== Extracted material ==
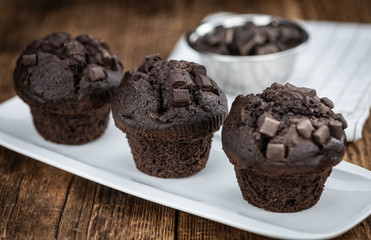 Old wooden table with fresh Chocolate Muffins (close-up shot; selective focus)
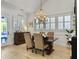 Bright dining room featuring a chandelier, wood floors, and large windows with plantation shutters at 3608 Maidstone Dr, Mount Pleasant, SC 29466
===
== Extracted material ==
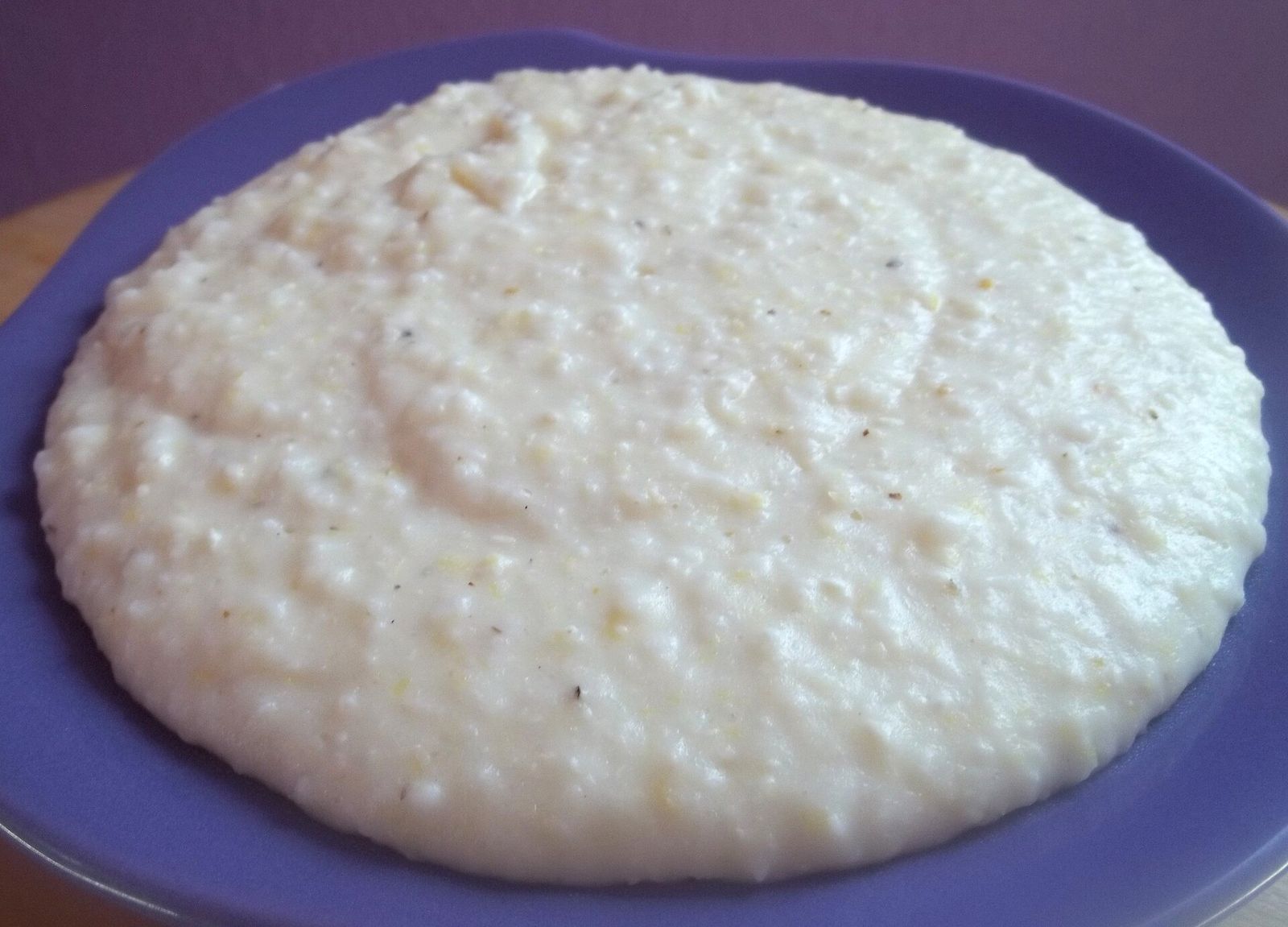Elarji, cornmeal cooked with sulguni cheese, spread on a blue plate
===
◆ **Required work**:
Exactly the lines starting at the one above with "Old wooden table" and ending at the one with "Bright dining room" should be printed, and nothing else. Omit the pictures.

◆ **Result for this task**:
 Old wooden table with fresh Chocolate Muffins (close-up shot; selective focus)
 Bright dining room featuring a chandelier, wood floors, and large windows with plantation shutters at 3608 Maidstone Dr, Mount Pleasant, SC 29466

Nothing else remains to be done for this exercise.